Here are my answers:

Judaism is not simply a religion. It is a religion, culture, and ethnic identity. People who are born into ethnically Jewish families may choose another religion; people who are born into families that are not Jewish may convert. Children may be adopted into Jewish families. All are Jews.

Being Jewish has very little to do with Israel. People who can only talk about Jews in the context of Israel ARE antisemitic, because they do not imagine that Jews exist apart from their relationship to Israel. The approximate equivalent would be if every white Christian person in the world were blamed for the actions of Russia, because Russia is a white Christian country. Does that seem foolish and rather silly? Good.

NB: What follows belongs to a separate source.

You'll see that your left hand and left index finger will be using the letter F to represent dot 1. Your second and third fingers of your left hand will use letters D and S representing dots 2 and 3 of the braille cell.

There are countless Jews all over the world who have zero relationship with Israel, just as there are countless Christians all over the world who have no relationship with Russia. The idea that every Jew on the planet is responsible for the actions of one tiny country that happens to be governed by Jews is ridiculous. It is antisemitic. It is foolish. It gives no thought to the existence of Jews of Color, no thought to biracial Jews like me, no thought to Jews who actively confront Zionist politics like I do.

I do not deny the importance of critiquing Israel. Personally, I have participated in an organization that pushes back publicly and legislatively against the actions of Zionist colonialism. Yet I am still a Jew.

This organization has communities all over this nation. There are dozens of organizations of Jews in this country dedicated to fighting Zionism, on our own time, in an unpaid volunteer capacity.

We are also Jews. Our existence, the thousands and tens of thousands of us, are ignored and made invisible by the critiques you mention, by the idea that hating all Jews everywhere is acceptable because of the actions of one nation.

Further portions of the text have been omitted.